• _Exercise details_: In the material below, the required lines run from the one containing "DWOS CHROME HELMET 100 W/ 100V SH 8-12" through the one containing "Ruben Esau Gonzalez Gaytan". Copy those lines exactly, ends included, and nothing else.

• _Records shown_:
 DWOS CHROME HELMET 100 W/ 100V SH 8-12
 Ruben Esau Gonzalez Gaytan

* * *

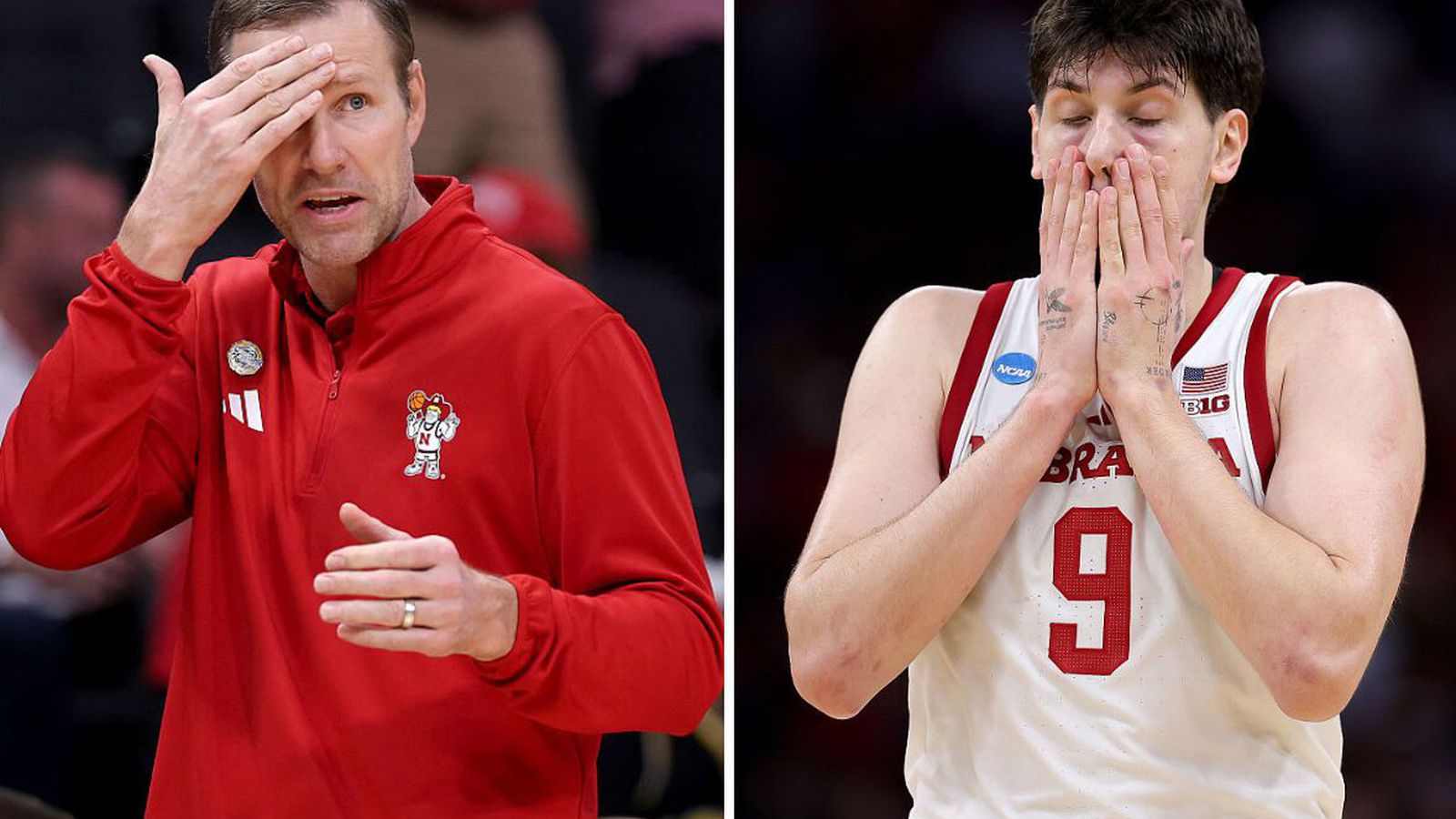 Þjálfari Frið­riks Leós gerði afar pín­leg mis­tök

• _Answer space_:
 DWOS CHROME HELMET 100 W/ 100V SH 8-12
 Ruben Esau Gonzalez Gaytan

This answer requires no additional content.